To maximize your legs, kick on your side with your lower arm outstretched and your upper arm by your side. The back-and-forth motion of side-kicking with fins stretches and strengthens the muscles used for both forward and back foot sweeps. (Roll your whole body up to breathe.) Make sure you switch sides on each lap to get greater balance. Then roll onto your stomach and be a dolphin! The undulating motion of butterfly kick with fins (and arms by your sides) loosens up your back. For an additional ab exercise, try doing dolphin kicks on your back. For the best balance and flexibility, don’t use a kickboard with fins.
Drop Your Legs and Pull
“Using a pull buoy allows your legs to recover while making your upper body do most of the work,” says Flores. Pull buoys are great after a set of kicks, or to work your breath control while your hips and legs get a little help staying afloat. Slow down the arms and reach further forward with every arm stroke, rolling your body as you reach. Keep your elbows bent and pointed upward on the underwater pull, with fingertips pointed to the bottom, for best technique and to save your shoulders from excess strain.
For additional arm strength, add hand paddles. They’re great for building muscles, but make sure you use proper technique with them, or you could tear up your shoulders. It may be worth getting a little coaching once you get a feel for the water.

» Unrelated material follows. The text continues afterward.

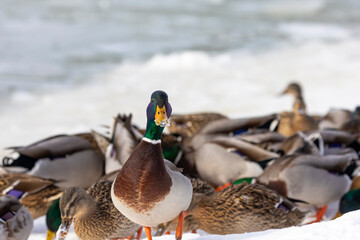 Flock of mallard duck on the bank river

Swimming laps is the easy part — now push yourself! Just like you add sprints and high-intensity interval training to your runs, add intensity to your swims. A series of short swims at top speed increase the strength-building propulsion of swimming and gets your heart and lungs pumping. (Just remember to use good technique here, too!)
You may need a lot of rest for starters, but as you do more high-speed “repeats,” dial back the rest between them. Start with 4 one- or two-lap swims with :30 rest. As that gets easier, try 20 seconds, then 15, then 10. Check your heart rate after 4, and as always — stop if you feel distress and rest some more before continuing. If one lap at a time is too easy, do two or three.
Are you ready to hit the pool? Great! The time you spend building your non-running muscles and flexibility in the pool can balance your body and save you from injuries further down the road. Enjoy some of the many pools open this summer!